Tu m'as appris à connaître que rien
De ce qui existe n'est ou ne mérite d'être
Mais surtout à connaître que tout ce qui est n'est pas ce qui est,
Et que tout ce qui n'est pas l'est encore moins.

Tu es la révolte, le refus, la transcendance,
L'amour, la haine, l'ascendance,
La folie, le stupre, la luxure, les tentations,
La gourmandise, l'envie, la contestation,
Tu es le tout, sans qui, sans toi, je ne serais rien.

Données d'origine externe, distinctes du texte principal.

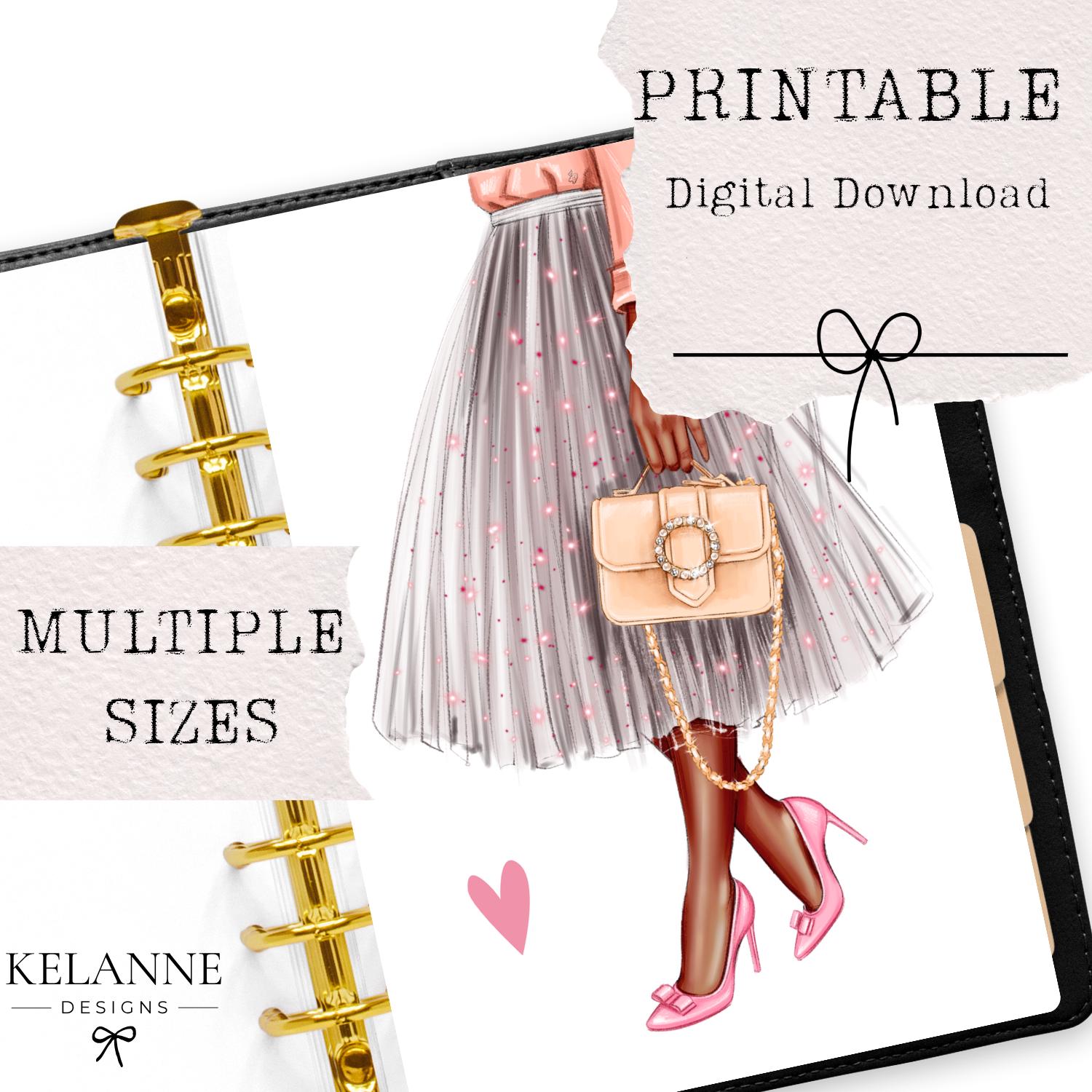 Fashion Girl Dashboard Printable, Printable Planner Dashboard Floaty ...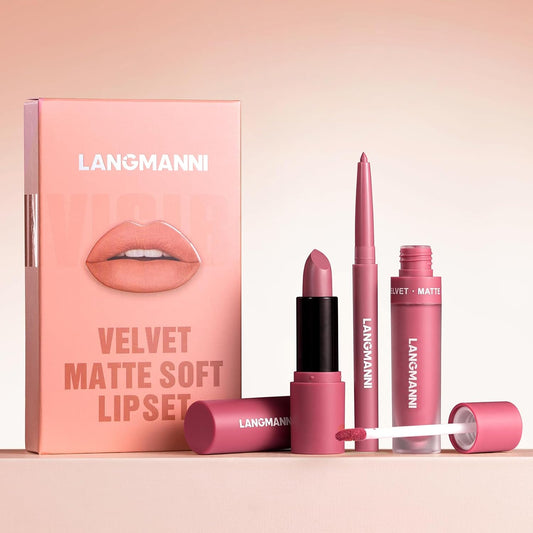 3 in 1 Matte Velvet Lip set by VIAI BEAUTY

Celui qui a fait le ciel et la terre,
Et le bien et le mal, m'a créé une âme damnée
Que j'ai donné, damné,
Au diable, faute de pouvoir la donner
À dieu qui me l'a refusée.

Dieu, pourquoi m'as-tu abandonné,
Et fait si faible, pour que j'abdique et
Que je ne puisse lui résister.

Maintenant que j'ai pris goût à le suivre,
Je n'aspire plus à rien d'autre qu'à rester à ses côtés
Que me fait d'être, pour le restant de mes jours, damné
Je l'étais déjà, dès le premier moment de mon existence.